▶ **Exercise objective**:
Return the listing below unchanged, except that the pictures are dropped.

▶ **Data**:
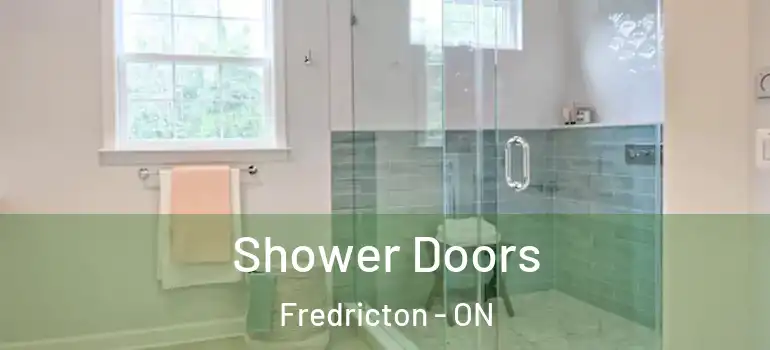  Shower Doors Fredricton - ON
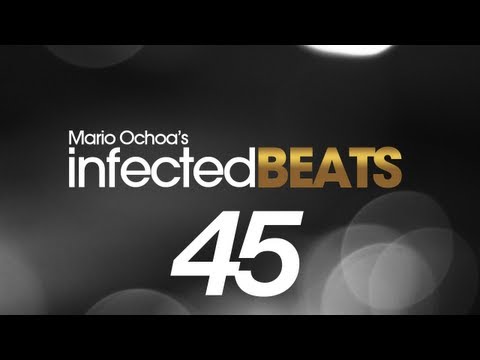 IBP045 - Mario Ochoa's Infected Beats Episode 045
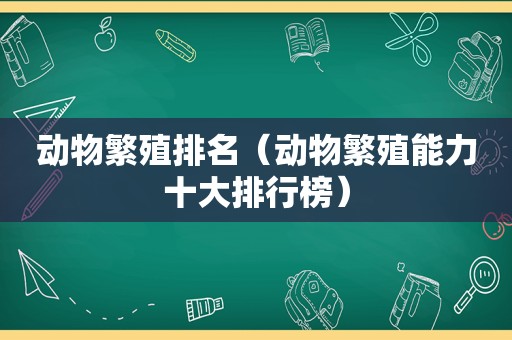 动物繁殖排名（动物繁殖能力十大排行榜）
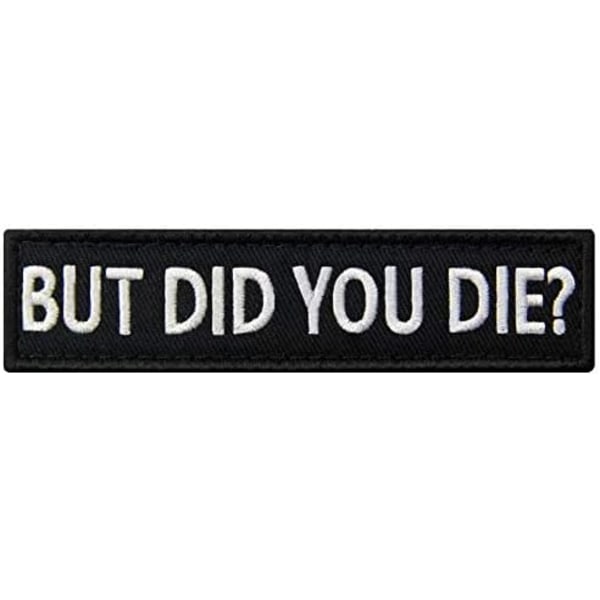 But Did You Die Morale Taktisk Patch Broderad Applikation Fäste Haken & Loop Emblem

▶ **Finished exercise**:
  Shower Doors Fredricton - ON
 IBP045 - Mario Ochoa's Infected Beats Episode 045
 动物繁殖排名（动物繁殖能力十大排行榜）
 But Did You Die Morale Taktisk Patch Broderad Applikation Fäste Haken & Loop Emblem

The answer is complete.